Analis Artha Sekuritas Juan Harahap menilai penyebab masih loyonya laju indeks Jakmine akibat penurunan harga batu bara. Menurutnya, tekanan terhadap harga komoditas itu masih akan terus berlanjut sejalan dengan kebijakan impor China.
Juan menyebut faktor yang dapat mendorong laju saham emiten pertambangan yakni upaya diversfikasi yang tengah dilakukan oleh sejumlah emiten. Artinya, perseroan berusaha mulai menjajaki lini bisnis yang beragam di luar thermal coal.
“Sebagai contoh seperti gasifikasi dan juga power plant,” ujarnya kepada Bisnis.com, akhir pekan lalu.
Berdasarkan catatan Bisnis.com, sejumlah emiten pertambangan memang berencana memacu bisnis non tambang. Sebagai contoh, Adaro Energy yang tengah memacu bisnis ketenagalistrikan dan pengolahan air bersih.

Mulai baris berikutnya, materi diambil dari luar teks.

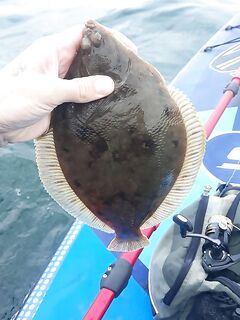 Камбала, где её искать?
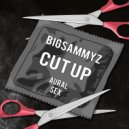 BigSammyZ - Cut Up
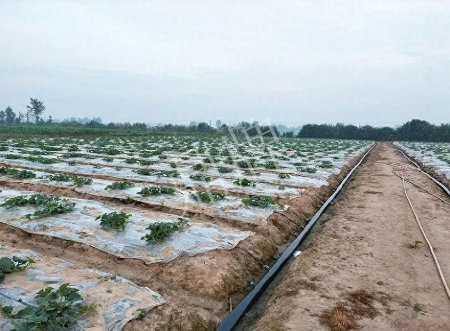 蔬菜種子種植戶客戶點評-80后大廚回鄉(xiāng)種甜瓜，第一年就賺15萬！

Selain Adaro Energy, Bukit Asam juga memiliki sejumlah proyek pengembangan di bidang gasifikasi atau penghiliran tambang serta pembangkit listrik.
Beberapa proyek pengembangan miliki Bukit Asam yakni Proyek Gasifikasi atau Penghiliran Tambang Peranap, Proyek Gasifikasi Tambang Tanjung Enim, Pembangkit Listrik (PLTU) Mulut Tambang Sumsel 8, PLTU Feni Halmahera Timur, dan proyek angkutan batu bara.
Di lain pihak, Analis Kresna Sekuritas Robertus Yanuar Hardy menjelaskan bahwa terdapat beberapa penyebab masih lambatnya pertumbuhan indeks Jakmine dibanding IHSG. Salah satunya penurunan permintaan dari China yang menyebabkan turunnya harga batu bara di pasar intenasional.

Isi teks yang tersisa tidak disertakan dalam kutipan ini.